Localisation data: putting the customer and the retailer on the same page
Currently, the Store Locator widget can usually be found on every page viewed by the customer, encouraging them to visit the nearest point of sale to finalise or collect their order. Some B2C stores explicitly ask online visitors to share their location in order to localise them more effectively. This encouragement of the Web-to-Store approach has numerous significant benefits:
- The brand’s point-of-sale network is clearly displayed to potential customers seeking a product or service. As a secondary benefit, the brand is brought closer to its customer base, as highlighting physical points of sale at the local or regional level increases perceived proximity.
- The customer is reassured that they’ll find a point of sale nearby. In 2015, 90% of Millennial Americans still intended on visiting in-store when making a purchase.
- The customer can also visit in-store to receive advice or further information about a product or service. This 2016 IPSOS study (in French) found that over half of French shoppers attached significant importance to where they made their purchase – making location an important factor in determining and influencing their shopping habits.
- Finally, the most important benefit for your business: more in-store visits = more potential in-store sales!

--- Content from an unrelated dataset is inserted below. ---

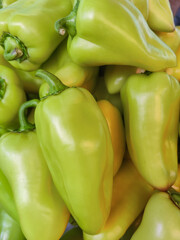 Sweet green bell peppers in store counter. Ripe peppers paprika, natural background. Healthy proper nutrition, diet. Fresh vegetable food. Close-up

Localisation data: bringing out the best both in customer and retailer
The travel industry is an excellent example of how localisation can work to significantly improve the overall customer experience, despite obvious problems of distance, shipping and transport, and cultural or linguistic differences. When UX is optimized in this way (via accurate, high-quality information; personalized or adapted offers and promotions), the customer is more likely to trust the retailer with respect to subsequent services, including those with high added value:
- Real-time updates relating to order status, including delays, technical problems, transportation issues at point of departure or arrival (train stations, airports). This is particularly important in today’s digital age, where near-instantaneous information sharing can significantly influence brand perception.
- Welcoming customers upon arrival with personalised services planned ahead of time, including baggage handling, taxi or other transport reservations, automatic check-in, room service
- Offering customers practical information for added peace of mind (hotel, restaurant, pharmacy, local laundry services, etc.)
- Transmitting relevant information to help establish a personalised ‘travelling profile’, based on customer habits and behaviour (usual destinations, travelling frequency, special requests or preferences, etc.)
Similar to the the travel and hospitality industry, today’s leading e-retailers are seeking ever-stronger links with their customers, encourage brand loyalty and building a relationship that will last for years to come. Not only will boosting customer loyalty help to generate future revenue for your business, it’ll also cut costs, given that retaining existing customers is less costly than recruiting new or potential prospects. In other words: building customer loyalty pays off!
When effectively integrated into the world of online retail, localisation ticks all the boxes when it comes to marketing’s three commandments: build awareness, create desire, and incite to buy. Localisation targets potential customers within a clearly defined perimeter, offers precise, up-to-date information on nearby points of sale and proposes tailored, relevant promotions and offers adapted to the customer’s individual circumstances. The more leading online retailers become familiar with the key issues facing e-commerce today – namely customer acquisition and conversion -, the more important customer retention becomes when looking to keep an edge on competitors.